この作品について、当時の美術雑誌等には、
氏の繪は飄逸洒脱の畫面中に重厚な潤澤な筆致があり、自由なものに靜粛さを宿し、平凡なる所に非凡の
姿を窺う。今度の出品の「浮動する山岳」は雲煙の中に山岳の出没を描いたもの傑作とまで云はれないに
しても、その墨色に於ては確に異彩を放つたものと云はなければならぬ。…… 本方昌「本年の院展と私
の感想」 『美之國』4-10 昭和3年10月
との評がなされている。同美術雑誌には、鏑木清方の寸評も掲載されているが、特別みるべきものもない。他の評にしても大同小異である。

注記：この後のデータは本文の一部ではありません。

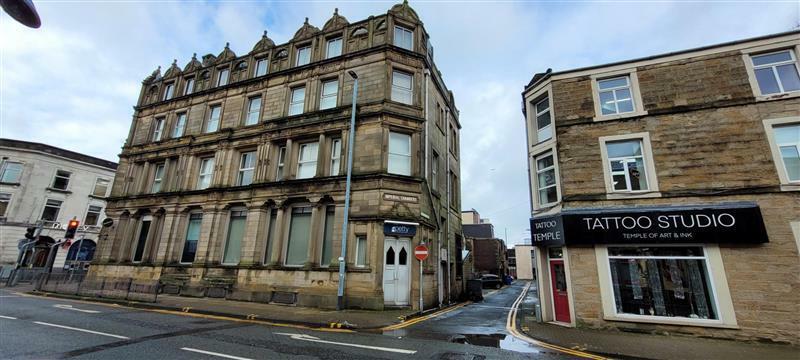 Additional property image - Upper Floors, 32 Manchester Road, Burnley, Lancashire, BB11 1HH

「浮動する山岳」の図版を初めてみたとき、中央の山塊には鳥の嘴のようなものがみえるし、左隣の山塊は、翼を広げた妖しい鳥のようにもみえ、その他の山々もこれまた山という佇まいから逸脱しているので、非常に妖しい絵だという印象が鮮烈に残っている。しかし、更に更に異様なものが描き込まれていることなど、私はには想像すらできなかった。批評家達にしても、墨色云々よりも先に、この異様な画面に戸惑いを感じなかったのだろうか、不思議でならない。批評はとみれば、前述したとおり、雲霧の景を墨色豊かに表現しているという域を出ていない。逆にいえば、批評家と称される人たちは、作品をよく見ずに評を書いていたことが裏付けられる。当時は勿論のこと現在に至るまで、よもやこの作品に、芋銭の横顔が隠し絵のように描き込まれていることなど、誰も想像だにできなかった。その横顔だが、絵の一部にそっと添えられたものではなく、実に大胆に描き込まれているのである。
さてこの作品の隠し絵(芋銭の横顔)の存在について、それを真っ先に見抜いたのは、「牛久市小川芋銭研究センター(現在は体制が代わり閉鎖)」にて、『小川芋銭全作品集』の刊行に向け、編集員として精力的に調査研究を進めておら
れた香取達彦氏である。そのいきさつは、平成24年10月5日付読売新聞夕刊(同紙茨城県内版10月6日付)にて公にされ、注目されるところとなった。
同紙夕刊(抜粋)によると、
「芋銭の顔 隠し絵か 山の部分 鼻・口に」という見出しで、
隠し絵を見つけたのは茨城県利根町の元図書館長・香取達彦さん。牛久市が来年3月に発行予定の「小川芋銭
全作品集」の編集員で、隠し絵を探そうと画集を丹念に見つめていたところ、「山の部分が目や鼻、口、あご
ひげに見えてきた」という。
この作品は、現在は個人が所有し、水戸市の茨城県近代美術館が保管している。同美術館の企画課長は「遊び
心があった画家なので、隠し絵との見方があってもおかしくはない」と話している。これまで少なくとも6回、
各地の展覧会に出品されてきたが、隠し絵の指摘は一度もなかったという。
と記されている。
ではその隠し絵を図版として掲げてみる。左図が、再興第十五回日本美術院出品作「浮動する山岳」、右図がその中から取りだした「隠し絵(芋銭の横顔)」の部分(画面右上を切り取り、左回りで90度回転)である。
如何だろうか。香取氏が見抜いたとおり、私も間違いなく芋銭の横顔だと確信する。
芋銭は、大正12年12月の院展に「水魅戯」という作品を出品した。いま話題としている作品は、それに対して「山妖戯」とでもいうべきものである。画面は殆ど同じ手法で構築され、双方共に最下部には実景を描き、その上には芋銭特有の妖しい世界が展開されている。特にこの作品においては、山並みの中に自身の横顔を描き込むことにより、私も山妖の一員だよと主張している。
芋銭が日本美術院の同人に推挙されたことを快く思わなかった人は、院内部に大勢いた。勿論、同人の中にも同じ考えの人たちが多数いた。何ら実績の無い者がいきなり同人になったのだから、妬みは当然と言えば当然であろう。そういった人たちが、もしこのような、言わば彼らにとっては半分冗談とも取れるような作品の内容を知ったら、一体どのような反応を示しただろうか。
芋銭は、そんなことにはお構いなしに、自身の描きたいものを描き続けた。院展に属しながらこのような作品を定例の展覧会で発表するのだから、芋銭はその体躯からは想像できないほど肝の据わった芸術家であり、その信念もまた些かも揺るぎないものであったと痛感させられた。